Em entrevista à estação britânica, a comissária Anne Longfield alertou para o facto de os gangues estarem a recorrer a "técnicas sofisticadas" para recrutar crianças. Algumas destas são semelhantes às de abuso sexual, oferecendo-lhes algum "incentivo".
Estes grupos têm procurado diversificar o seu recrutamento, para fazer face ao conhecimento das autoridades, habituadas a identificar métodos tradicionais. Segundo o relatório, os gangues "propõem-se a atacar estas crianças mais vulneráveis", nomeadamente aquelas que sofram de problemas de saúde mental ou tenham passado por algum tipo de abuso e negligência familiar.

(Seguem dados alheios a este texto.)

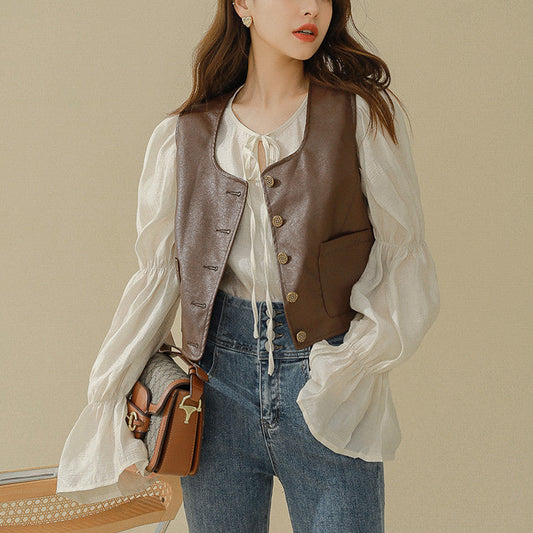 レザー シングルベスト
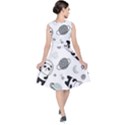 Panda Floating In Space And Star V-Neck Midi Sleeveless Dress  View2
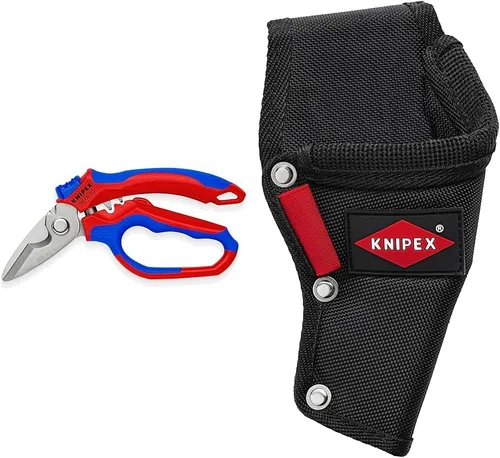 KNIPEX Tools Tijeras de electricista de acero inoxidable 95 05 20 US angulares, 6-1/4", Rojo/Azul y Herramientas 00 19 75 LE Bolsa de cinturón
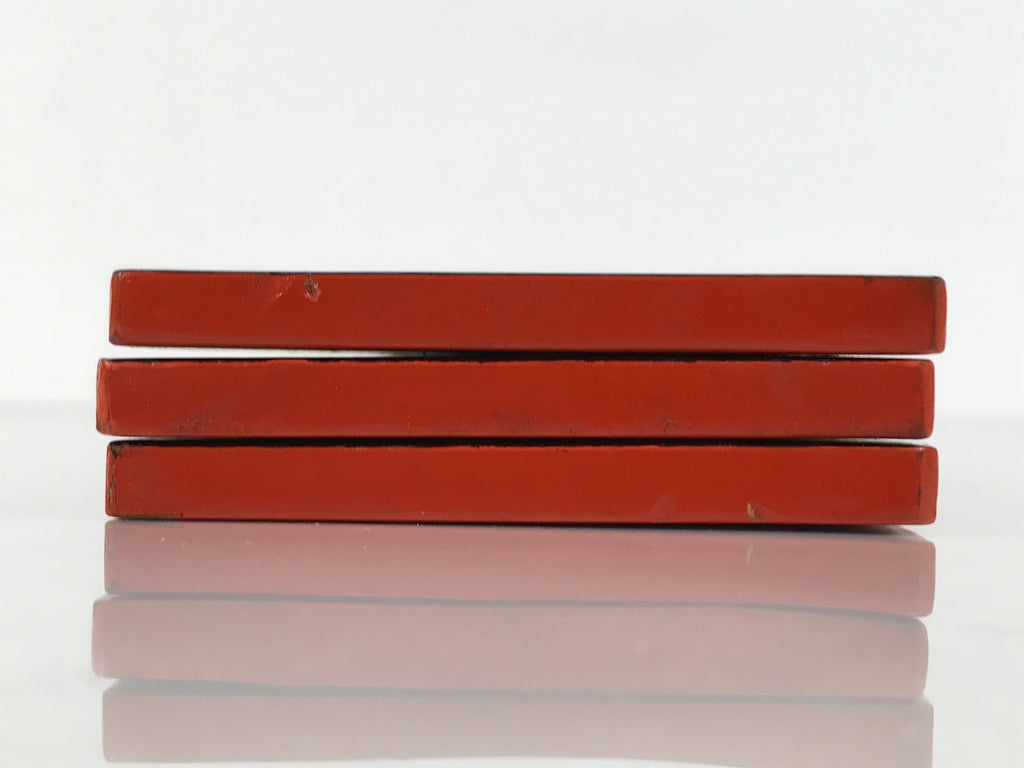 Japanese Lacquer Wood Flower Vase Stand Vtg Kadai Board Ikebana Black Red WT596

Frente aos resultados, o Ministério do Interior já disse estar "comprometido em proteger" estas crianças.
Uma adolescente de 14 anos contou à BBC como se envolveu com um gangue quando tinha apenas 12, após um período de abuso físico e sexual às mãos de um membro da família. Começou a consumir álcool e drogas, como cocaína, acabando até a vendê-las madrugada dentro pelas ruas. No mesmo grupo estava o seu irmão, dois anos mais velho.

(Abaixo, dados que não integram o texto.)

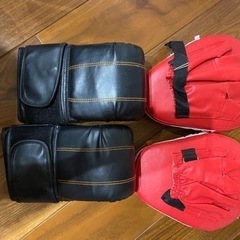取引先決定　ボクシンググローブとミットのセット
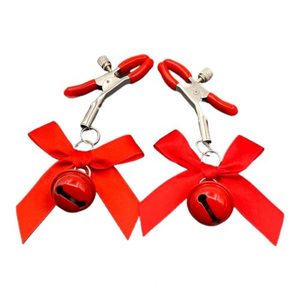 Red Bell and Bow Nipple Clamps - Rated R - Tabu Adult Boutique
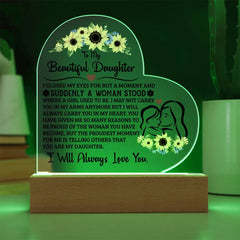 To My Daughter Proud – Acrylic Heart Plaque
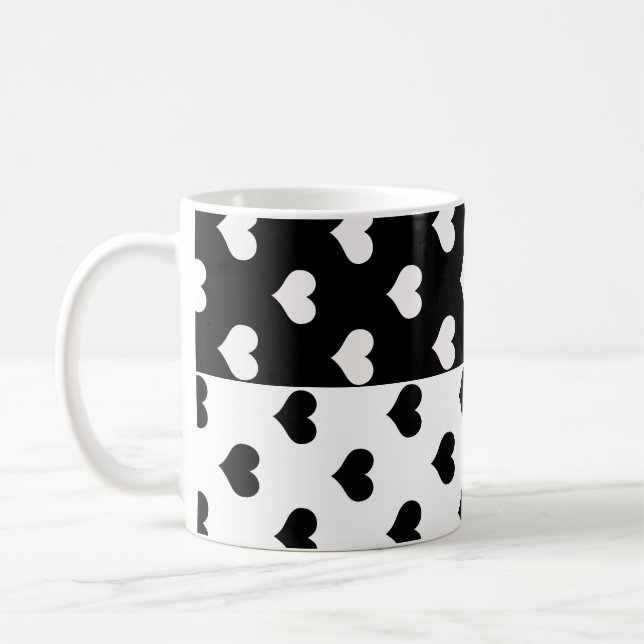 Black White Love Heart Pattern Coffee Mug (Left)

"Éramos jovens e estávamos a ganhar dinheiro, mas ainda não compreendíamos o que estava a acontecer", confessou. Num determinado momento, às drogas e ao álcool juntou a prostituição. "Dormia com alguém só para ganhar dinheiro ou apenas para arranjar mais droga", contou. "Chegou a um ponto em que tudo ficou realmente mal e foi aí que a polícia teve de intervir".
Agora, a adolescente (que quis manter o nome e o rosto anónimos) já não pertence a um qualquer destes grupos e revela que "odiava" quem era na altura. "Era violenta, uma pessoa horrível", lamentou.

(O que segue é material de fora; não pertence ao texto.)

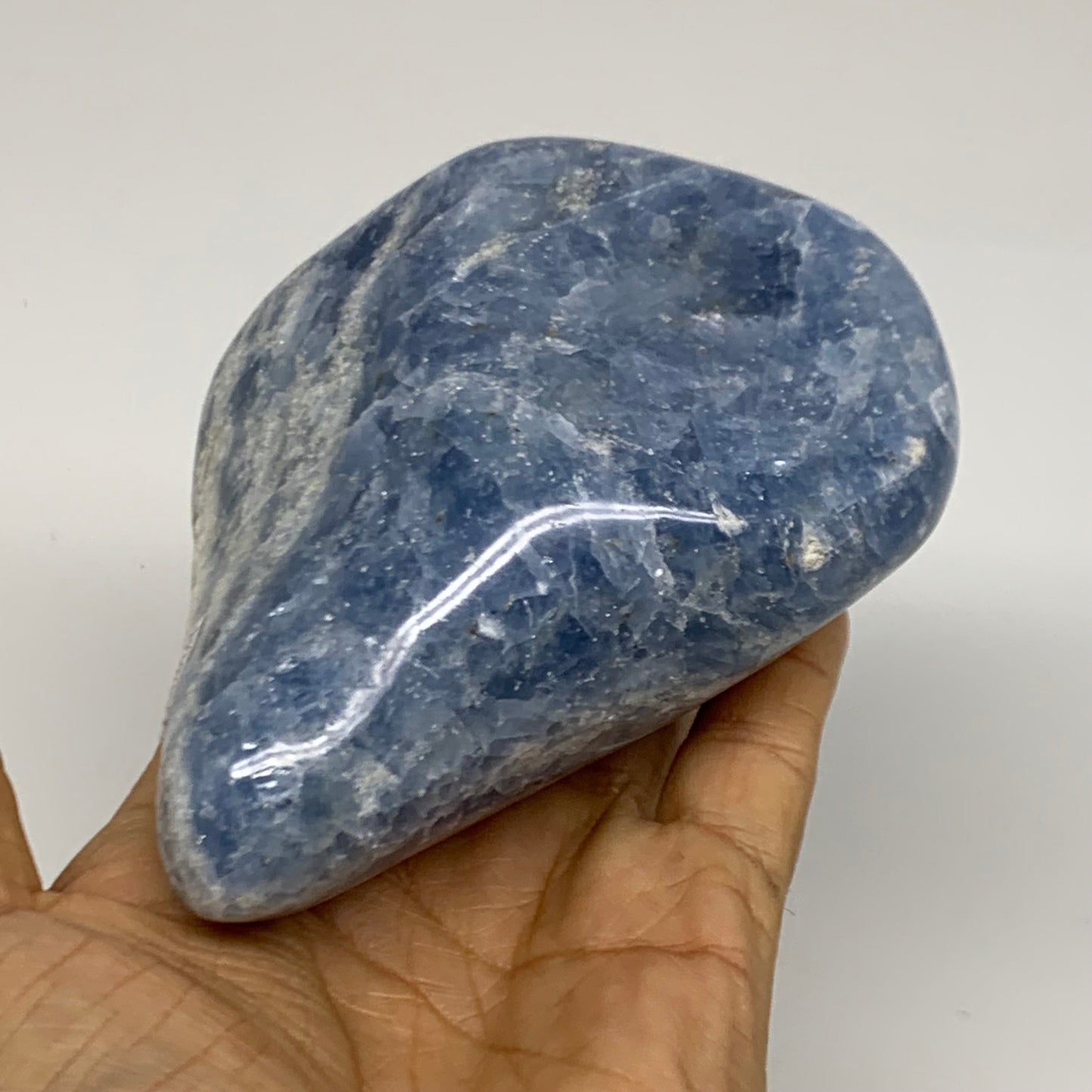1.36 lbs, 4.7"x3.6"x1.9", Natural Blue Calcite Polished Freeform Stands, B38359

Apesar de a associação à criminalidade ser quase instantânea a quem está integrado nestes grupos, a equipa de investigadores que participaram no relatório alerta que nem todos os membros jovens estão envolvidos em crimes ou violência grave. Aliás, para muitas delas, "o envolvimento nestes gangues não é um ato voluntário", porque "em algumas áreas, elas são consideradas membros destes grupos simplesmente pelo local onde residem ou pelo histórico da família à qual pertencem", pode ler-se no relatório.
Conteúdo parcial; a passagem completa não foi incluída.